Rheinmetall: Noch warten die Märkte auf den richtigen Durchbruch.

Gerade dieser Auftragseingang dürfte nun zum zentralen Prüfstein werden. Im zweiten Quartal lagen die neuen Nominierungen mit 11,371 Milliarden Euro unter dem zuvor erwarteten Niveau von 20 Milliarden Euro, wobei der F126-Verlust eine wesentliche Rolle spielte. Rheinmetall braucht daher weitere Großprojekte, um zu zeigen, dass die enorme Dynamik unabhängig von einzelnen Aufträgen anhält.

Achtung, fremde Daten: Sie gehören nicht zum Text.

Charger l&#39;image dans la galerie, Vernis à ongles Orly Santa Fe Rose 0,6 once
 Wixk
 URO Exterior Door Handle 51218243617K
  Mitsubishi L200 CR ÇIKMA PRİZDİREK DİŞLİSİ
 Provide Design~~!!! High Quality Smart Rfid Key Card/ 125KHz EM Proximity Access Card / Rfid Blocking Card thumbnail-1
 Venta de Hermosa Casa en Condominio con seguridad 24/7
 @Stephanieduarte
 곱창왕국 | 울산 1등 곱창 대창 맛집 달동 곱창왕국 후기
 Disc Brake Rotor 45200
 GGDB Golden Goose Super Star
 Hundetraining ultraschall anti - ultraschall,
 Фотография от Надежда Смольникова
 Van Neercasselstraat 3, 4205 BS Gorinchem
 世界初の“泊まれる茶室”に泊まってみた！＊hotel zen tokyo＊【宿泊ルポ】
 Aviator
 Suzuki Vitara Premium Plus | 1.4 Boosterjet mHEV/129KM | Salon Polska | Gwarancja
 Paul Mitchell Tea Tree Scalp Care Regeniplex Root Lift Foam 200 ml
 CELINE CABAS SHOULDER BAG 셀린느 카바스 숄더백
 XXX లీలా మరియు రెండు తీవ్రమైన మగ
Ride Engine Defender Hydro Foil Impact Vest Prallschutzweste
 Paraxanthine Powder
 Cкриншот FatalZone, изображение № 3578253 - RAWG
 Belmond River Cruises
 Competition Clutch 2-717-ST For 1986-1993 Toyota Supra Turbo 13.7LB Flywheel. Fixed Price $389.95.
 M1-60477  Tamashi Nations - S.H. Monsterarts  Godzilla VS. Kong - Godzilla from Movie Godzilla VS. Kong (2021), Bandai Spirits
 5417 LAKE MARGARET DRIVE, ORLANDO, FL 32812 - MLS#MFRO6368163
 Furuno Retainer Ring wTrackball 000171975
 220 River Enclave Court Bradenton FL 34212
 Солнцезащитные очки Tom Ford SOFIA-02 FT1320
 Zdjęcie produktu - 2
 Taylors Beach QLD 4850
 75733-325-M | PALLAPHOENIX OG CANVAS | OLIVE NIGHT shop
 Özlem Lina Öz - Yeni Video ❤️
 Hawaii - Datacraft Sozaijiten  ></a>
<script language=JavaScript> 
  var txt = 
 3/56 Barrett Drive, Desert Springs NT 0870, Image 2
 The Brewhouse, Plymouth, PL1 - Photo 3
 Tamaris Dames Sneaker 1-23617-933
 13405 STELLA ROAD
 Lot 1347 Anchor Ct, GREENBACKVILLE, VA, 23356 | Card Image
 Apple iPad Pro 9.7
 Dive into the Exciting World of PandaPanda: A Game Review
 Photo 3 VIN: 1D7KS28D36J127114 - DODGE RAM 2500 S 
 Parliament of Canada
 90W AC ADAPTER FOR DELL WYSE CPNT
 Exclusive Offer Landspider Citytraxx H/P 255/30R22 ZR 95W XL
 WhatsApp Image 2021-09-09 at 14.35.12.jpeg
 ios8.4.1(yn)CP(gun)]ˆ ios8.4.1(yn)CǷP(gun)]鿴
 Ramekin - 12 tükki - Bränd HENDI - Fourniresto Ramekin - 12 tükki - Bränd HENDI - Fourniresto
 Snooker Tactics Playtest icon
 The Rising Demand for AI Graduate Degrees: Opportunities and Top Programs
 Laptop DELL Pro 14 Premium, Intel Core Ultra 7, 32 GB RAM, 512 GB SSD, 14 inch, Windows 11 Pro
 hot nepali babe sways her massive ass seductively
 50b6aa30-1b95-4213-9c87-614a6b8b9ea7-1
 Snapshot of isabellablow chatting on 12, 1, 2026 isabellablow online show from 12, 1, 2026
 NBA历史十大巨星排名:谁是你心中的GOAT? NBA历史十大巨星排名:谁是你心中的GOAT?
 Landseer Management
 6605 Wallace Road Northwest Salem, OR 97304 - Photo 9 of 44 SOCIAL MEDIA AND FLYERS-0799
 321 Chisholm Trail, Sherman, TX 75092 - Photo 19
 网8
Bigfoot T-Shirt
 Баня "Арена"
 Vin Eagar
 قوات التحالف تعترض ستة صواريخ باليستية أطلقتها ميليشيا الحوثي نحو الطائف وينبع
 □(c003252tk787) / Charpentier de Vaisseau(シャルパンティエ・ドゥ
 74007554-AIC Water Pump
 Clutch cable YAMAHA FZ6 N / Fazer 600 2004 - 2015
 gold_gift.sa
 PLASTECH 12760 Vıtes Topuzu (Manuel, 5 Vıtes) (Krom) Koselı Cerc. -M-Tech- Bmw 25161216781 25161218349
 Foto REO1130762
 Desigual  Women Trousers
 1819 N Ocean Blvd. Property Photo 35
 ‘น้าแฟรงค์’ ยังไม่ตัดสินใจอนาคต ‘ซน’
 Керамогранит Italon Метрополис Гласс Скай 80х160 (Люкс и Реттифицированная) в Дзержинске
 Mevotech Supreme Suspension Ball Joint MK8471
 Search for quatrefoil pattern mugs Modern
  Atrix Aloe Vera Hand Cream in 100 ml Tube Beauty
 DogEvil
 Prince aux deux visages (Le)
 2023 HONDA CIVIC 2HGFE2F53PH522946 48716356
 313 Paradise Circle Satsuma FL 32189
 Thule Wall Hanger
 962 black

Die Ausgangslage dafür bleibt allerdings vielversprechend. Neben möglichen Boxer-Aufträgen mit einem Gesamtpotenzial von mehr als 14 Milliarden Euro eröffnen Luftabwehr, Drohnen, unbemannte Systeme und digitalisierte Verteidigungslösungen zusätzliche Wachstumsfelder. Die Kooperation mit Boeing im Bereich vernetzter Luftkampfsysteme unterstreicht ebenfalls, wie stark Rheinmetall seine Position über das klassische Rüstungsgeschäft hinaus ausbauen will.

Nach dem jüngsten Kursanstieg kommt es damit auf zwei Dinge an: charttechnisch auf eine nachhaltige Rückeroberung der 1.200-Euro-Marke und fundamental auf den Beweis, dass Rheinmetall den F126-Rückschlag durch neue Aufträge ausgleichen kann. Gelingt beides, dürfte die Diskussion schnell wieder stärker um die außergewöhnlich hohen Analystenziele als um den verlorenen Einzelauftrag kreisen. Analysten sehen immer noch sehr hohe Kursziele für die Rheinmetall.